- Source material
____________________

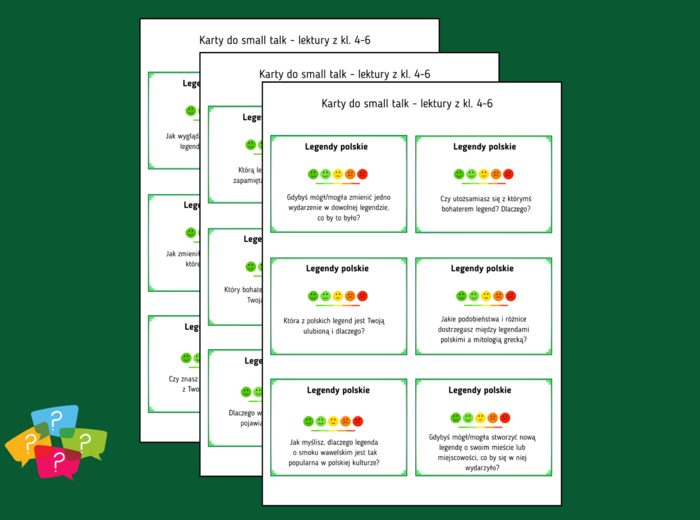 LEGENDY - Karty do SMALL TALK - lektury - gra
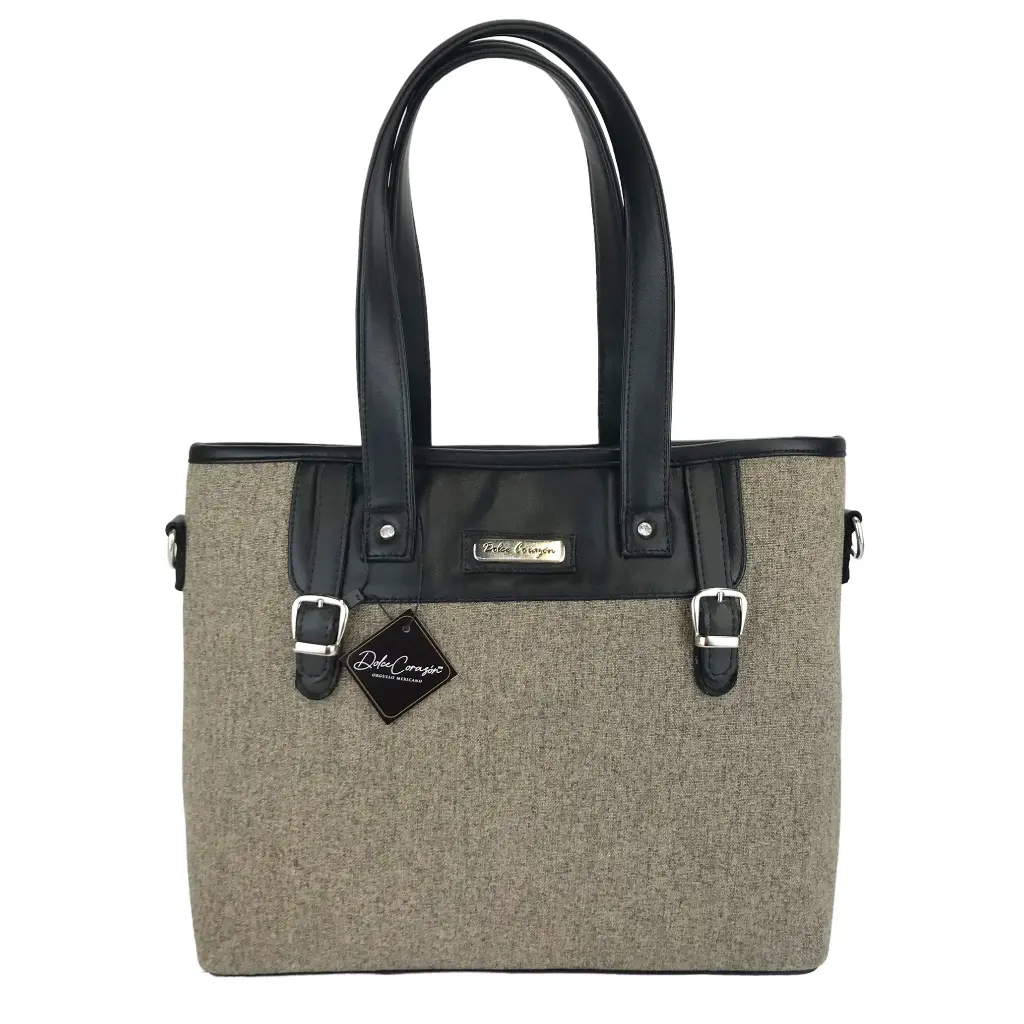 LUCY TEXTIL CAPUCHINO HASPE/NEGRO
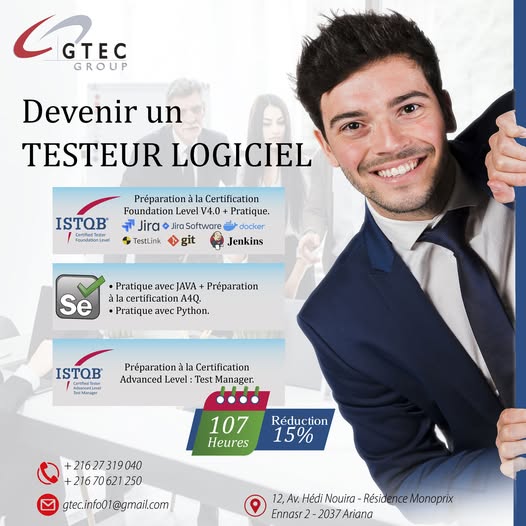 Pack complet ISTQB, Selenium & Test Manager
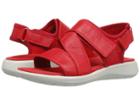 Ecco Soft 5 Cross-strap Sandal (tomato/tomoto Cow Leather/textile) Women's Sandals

____________________

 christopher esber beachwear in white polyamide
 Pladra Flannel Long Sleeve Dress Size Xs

____________________

Would you output the lines above from the line holding "LUCY TEXTIL CAPUCHINO HASPE/NEGRO" up to and including the line holding "Ecco Soft 5", exactly and only those, with no pictures?

- Answer to this exercise
 LUCY TEXTIL CAPUCHINO HASPE/NEGRO
 Pack complet ISTQB, Selenium & Test Manager
 Ecco Soft 5 Cross-strap Sandal (tomato/tomoto Cow Leather/textile) Women's Sandals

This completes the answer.